More by concidence than design, public television has back-to-back essays on sublime and ridiculous human endeavor tonight, and both programs are as pleasureable as they are admirable: "Alexander's Bachtime Band," at 9, and "La, La, Making It in L.A.," at 10, on Channel 26 and other public TV stations.

It's hard to imagine two more divergent ways of skinning cats. "Alexander's Bachtime Band" is an hour of performance and rehearsal by a group of 66 gifted young musicians who earned the right to travel to New York for the December holidays and play together as a concert orchestra at Carnegie Hall under the direction of Alexander Schneider.

"La La," another in the thoroughly priaseworthy though erratically scheduled "Nonfiction Television" programs from New York's Channel 13, is a hip, flip, manic and depressive look at 55 very outgoing introspectors who came to the pop culture capital of the United States hoping to make it big with a capital L and a capital A.

Filmmakers Caroline Mouris and Frank Mouris simply sat each of these hopefuls against a white background and let them talk to the camera about themselves, which in most cases couldn't have requiried even a moment's coaxing.
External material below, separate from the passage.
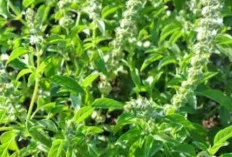 Kemangi: Daun Kecil dengan Aroma Segar dan Segudang Khasiat untuk Kesehatan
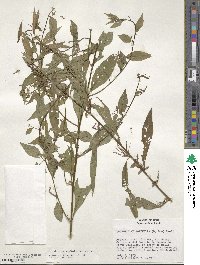 Ludwigia hyssopifolia image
The interviews are intercut so that someone is always interrupting someone else, and yet the film never loses coherence or direction. Occasionally the whole thing is interrupted for montages of still photos accompanied by Clyde Lieberman and Gail Lopata songs about the city of the padded shoulders.

A montgage of L.A. license plates, for instnace, dissolves from "MR WARM" to "MRS ILL" to the appropriate and succinct, "MADNESS."

Most of the hopefuls are young and appear to have modeled themselves after models; they are a this type or a that type. But gray-haired Lenore Woodward says she started her acting career at the age of 57 because "there aren't that many old dolls working." When a producer tried to get even her on a casting couch, she recalls, she laughed.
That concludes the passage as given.